## Exercise directions
Each line below is to be repeated exactly; any picture is to be left out.
######
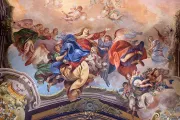 Assumption of the Virgin Mary fresco painting in San Petronio Basilica in Bologna Italy Credit Zvonimir Atletic Shutterstock CNA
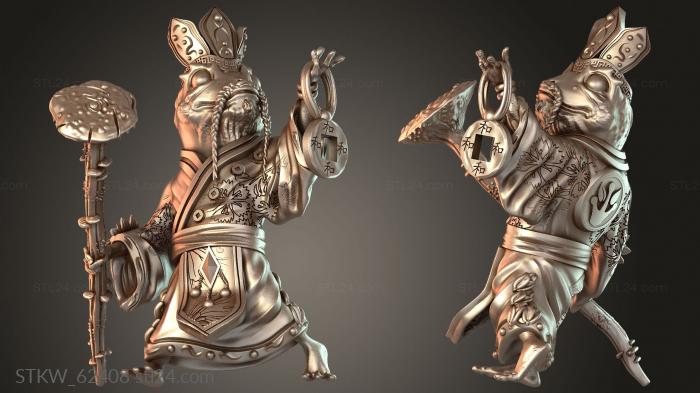 Military figurines (Priest Quiet, STKW_62408) 3D models for cnc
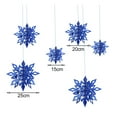 thumbnail image 6 of Dserhfy 6Pcs 3D Holographic Snowflake Decorations Waterproof Glitter Paper Snowflakes Winter Home Decor for Christmas New Year's Birthday Parties, 6 of 8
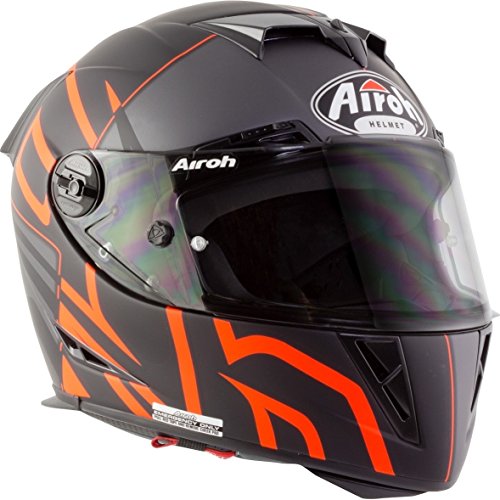 Airoh, casco integrale con striature, con adesivo
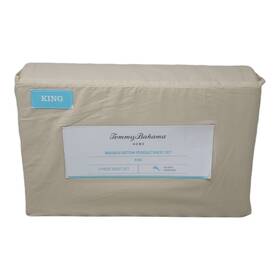 Tommy Bahama 883893917361 Home King Washed Sheet Set Cotton Percale Island Crafted Beige Tommy Bahama 883893917361 Home King Washed Sheet Set Cotton Percale Island Crafted Beige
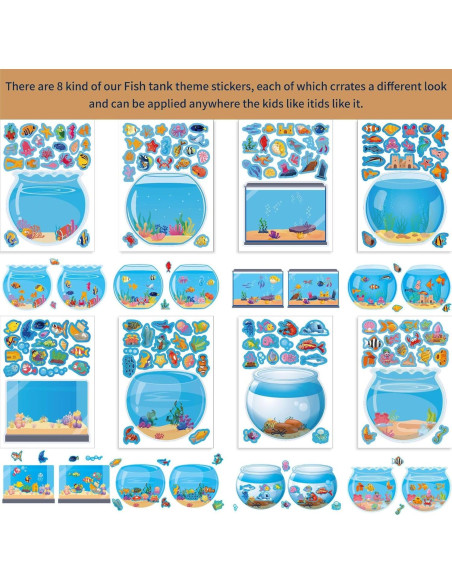 32 Pegatinas Acuario MARAI para 100 Días de Escuela - Manualidades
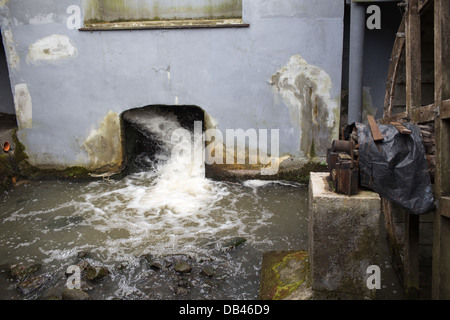 Sechzehnten Jahrhundert schmieden Wasser in Gdansk Oliwa. Architektur und Detail. Stockfoto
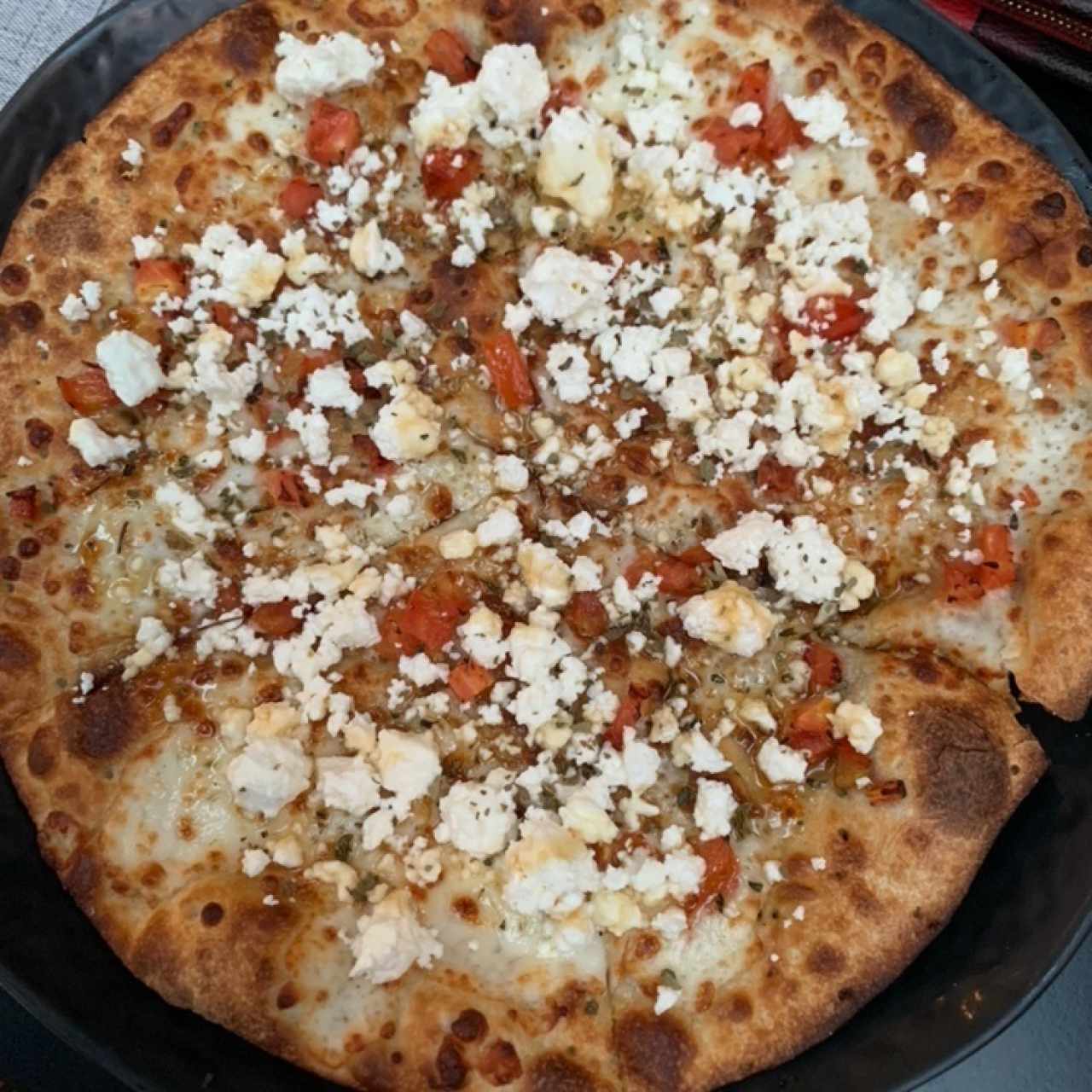 Tomate y queso feta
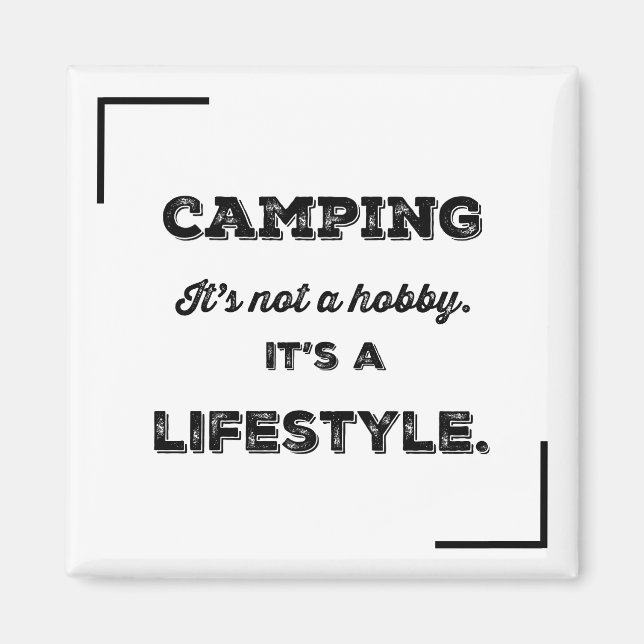 Camping Lifestyle Magnet (Front)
######
## Task result
 Assumption of the Virgin Mary fresco painting in San Petronio Basilica in Bologna Italy Credit Zvonimir Atletic Shutterstock CNA
 Military figurines (Priest Quiet, STKW_62408) 3D models for cnc
 thumbnail image 6 of Dserhfy 6Pcs 3D Holographic Snowflake Decorations Waterproof Glitter Paper Snowflakes Winter Home Decor for Christmas New Year's Birthday Parties, 6 of 8
 Airoh, casco integrale con striature, con adesivo
 Tommy Bahama 883893917361 Home King Washed Sheet Set Cotton Percale Island Crafted Beige Tommy Bahama 883893917361 Home King Washed Sheet Set Cotton Percale Island Crafted Beige
 32 Pegatinas Acuario MARAI para 100 Días de Escuela - Manualidades
 Sechzehnten Jahrhundert schmieden Wasser in Gdansk Oliwa. Architektur und Detail. Stockfoto
 Tomate y queso feta
 Camping Lifestyle Magnet (Front)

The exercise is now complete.